BTB Leads French Mail Order SalesPARIS - The French mail order industry had an uneven year in 1999 with some sectors remaining flat or showing a small decline while others registered double digit growth.
A report issued by the FEVAD (Federation des Enterprises de Vente a Distance, one of several DMA-like organizations in France), showed that total sales last year topped 70 billion francs (about $11.5 billion).
Consumer catalog sales still took the lion's share of the business, accounting for 51 billion francs ($8.5 billion), according to the FEVAD. But that is only 1.2 percent higher than in 1998.
That's the worst performance among all of France's retail channels and is much lower than the 1998 gain of 4.2 percent over 1997. Clearly, that part of the market is beginning to crumble, according to Catalogue's, a French mail order newsletter.
In contrast, the BTB sector showed robust growth, up by 11.1 percent to a total of 19.4 billion francs ($3.2 billion), and that follows a 1998 increase of 14.5 percent over 1997 totals.
Direct insurance sales snapped back smartly from a decline of 1 percent in 1998 to an increase of 14 percent last year.
The mediocre catalog sales are due to poor performance and the weight of general catalogs, which tilt heavily towards textiles.
Apparel and textile sales grew only by 0.7 percent last year and nearly half of the consumer mail order turnover is still generated by textiles and apparel.
Despite a good December when sales grew 2.7 percent over December 1998, second half sales slowed significantly. Growth was essentially flat in many sectors or saw a small decline.

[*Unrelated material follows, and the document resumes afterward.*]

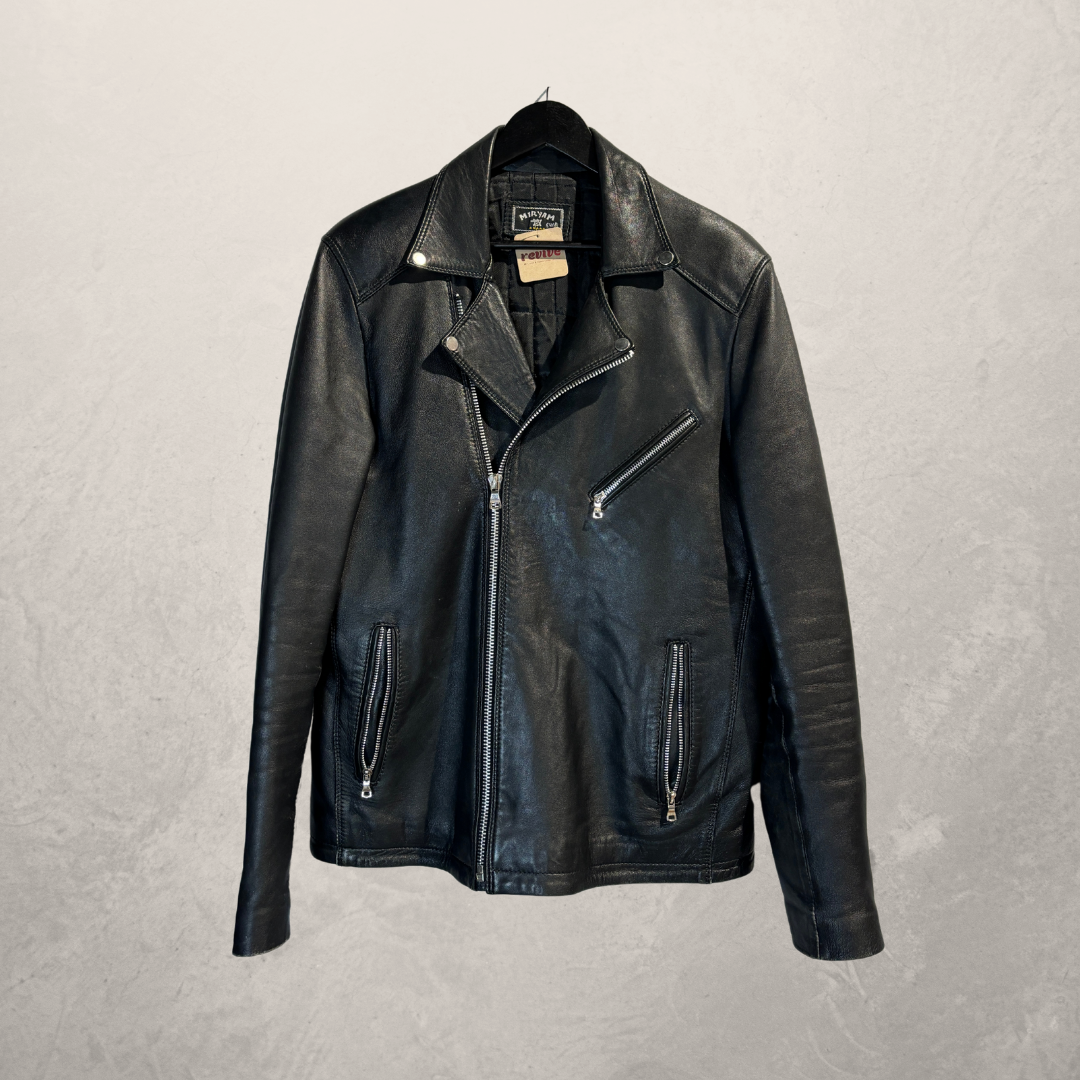 Vintage zwarte leren zilveren rits leren jas L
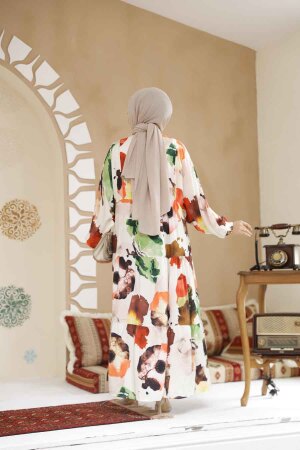 Modest Ecru Eid Dress 24057E - 3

Experts blame the poor performance on strong markets for housing and automobiles as well as the competition of specialized chain stores featuring textile and winter fashions.
Nevertheless, there were a few catalog standouts last year. Senior & Cie closed its 1999-2000 business year in February with a sales increase of 11 percent. Daxon was up 9 percent and Quelle France (a subsidiary of the German mail order house) was up 7 percent.
Direct insurance was hurt in 1998 by government regulations on life insurance policies, but last year saw the industry move up sharply by an average 14 percent. One insurer, GMF Vie saw sales rise by 17 percent.
The BTB sector showed the most life last year. Back to back double-digit increase confirmed market strength and dynamism, much of it due to stepped up corporate investments.